Someplace to go…

Reading

The setting of your story can be almost as important as character and plot. The same story set in different times and places can change it completely while demonstrating that despite the advances in technology and differences in lifestyle, humans are basically the same no matter where or when we live.

Fairy Tales have always triggered the imagination of writers, becoming some of the most popular tropes like Cinderella and Beauty and the Beast. Echoes of these stories can be heard around the world in every conceivable time and place.
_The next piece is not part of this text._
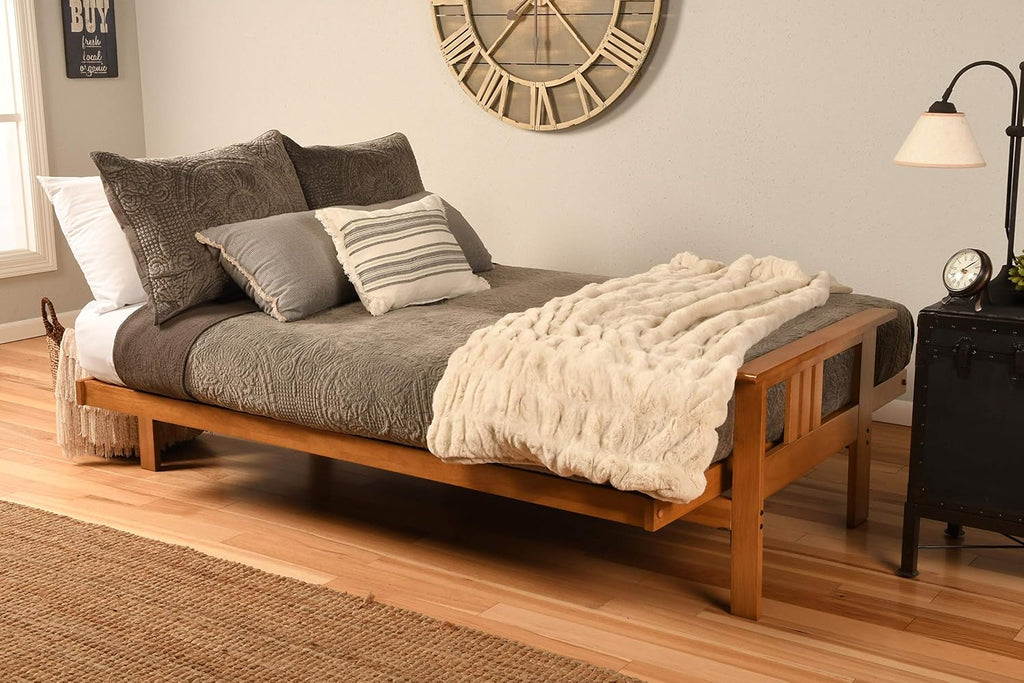 Kodiak Furniture Monterey Queen Size Futon Set, Suede Black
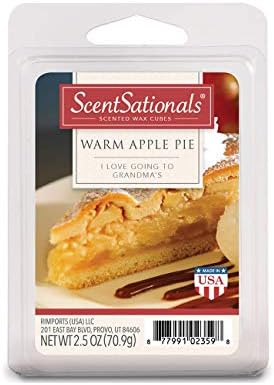 Scentsationals Scented Wax Cubes Warm Apple Pie 25 oz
Jane Austen’s original classic English Regency romances have been rewritten or “updated”, set in different times and places with varying degrees of success. Even adaptations for movies based on Pride and Prejudice vary widely from the miniseries of 1995 (starring Jennifer Ehle and Colin Firth) and the 2005 movie (starring Keira Knightley and Matthew MacFadyen) to variations like the 2004 Bollywood movie Bride and Prejudice, or the London of Bridget Jones’ Diary. Each has a very different feel and atmosphere while telling more or less the same story.

Look at the novels of Agatha Christie. She definitely knew how to make setting work for her story. Murder is murder whether it happens on a train, a river cruise, an island or in the middle of London such as of Murder on the Orient Express, Death on the Nile, And Then There Were None and Sparkling Cyanide.

As a reader, I am grateful to writers everywhere who can spirit me away from the dentist’s waiting room, the sickroom, a long commute or a relaxing holiday to anywhere in the world or outside it from deepest darkest space, anywhere in time or to the familiarity of my own town and time, making stories come alive.

Writing

Take the pen and write

There are many reasons to write down the thoughts in our hearts and heads.

When I was a child we moved around a lot. My mother, poor woman, told me that she moved 26 times in 23 years, in the latter years with up to seven children in tow. Letter writing was something we did because we loved receiving letters. Mum and her family wrote and received letters addressed to “Dear All” which were circulated to keep everyone up to date with the news. But they were nothing like receiving a letter addressed to me personally, so I wrote quite a lot of letters to various friends and family.

Putting pen to paper makes you focus on the subject at hand. Often, when I’m confused, I go to pen and paper in order to work out what I feel, what I want and how I can achieve it. There’s something about the act of dragging a pen across a lovely pristine piece of paper which forces you to think deeply, drawing up from the heart what normally hides there.

Writing a book, telling a story and following a theme, asking yourself “what if” also has the same effect. It can also fire up the imagination, often resulting in the legendary 3am epiphany.

Until you can explain something, I’ve been told, you don’t fully understand it. Ideas and concepts are like that. Especially early in their careers, writers need multiple drafts and rewrites to refine and clarify their stories and even then, sometimes what ends up on the page surprises the writer as much as the reader.

Good books and their secrets

Secrets

There are many ways to make your book a pageturner. Here are just some.

  • Craft suspense whatever your genre. Make each scene and chapter a cliff-hanger, leaving the reader with questions for which they need answers.
  • Create a delicate balance between what your reader knows and what each character knows.
  • Foreshadowing what is to come creates anticipation.
  • Lead and mislead your reader at appropriate times.
  • Language and word choice create mood and atmosphere.
  • Lush writing involving all the senses creates an emotional response in the reader.
  • Dripfeed your story, allowing your reader the satisfaction of piecing most things together for themselves.
  • Use pacing wisely. Vary the pace at which the story moves, sentence length and structure to build to a climax or relax the reader before a shock or surprise.
  • Raise the stakes both external and internal for your protagonist, then set a clock ticking on a time limit.
  • Use twists and turns to keep the reader curious.

Words

Words like x-rays

How can you write ‘words like X-rays’? Readers like to live the emotion of the story. How do you show the emotion so the reader is pierced? Feel the emotion yourself and it will shine through in your writing.

Keep some kind of conflict in each scene, Put yourself in the part of the character, act out the part, sink deep into the role and draw that emotion onto the page and show, don’t tell. How you ask? It’s easy to tell. Just tell it like it is.

I was angry. Furious. How dare she call my beautiful little girl a fat pig? She’s a gorgeous six-year-old without body image problems. Did the woman, who does have an eating disorder herself, not care about the damage she might cause?

Yes, as a reader you may be enraged by the situation. However, did you feel the rage in your body? How might that feel? What do you think about something like this:

My hand fisted at my side, ready to punch the mouth that said such a cruel thing to my beautiful daughter. A red tide of rage rose across my chest, up my throat across my cheeks and wavered before my eyes. I ground my teeth in an effort to hold my tongue, to stop myself giving her a piece of my mind before I took time to think through my response.

‘May I please speak with you privately?’ The softest voice I could muster shook as I restrained myself from adding a curse word or five in front of the children.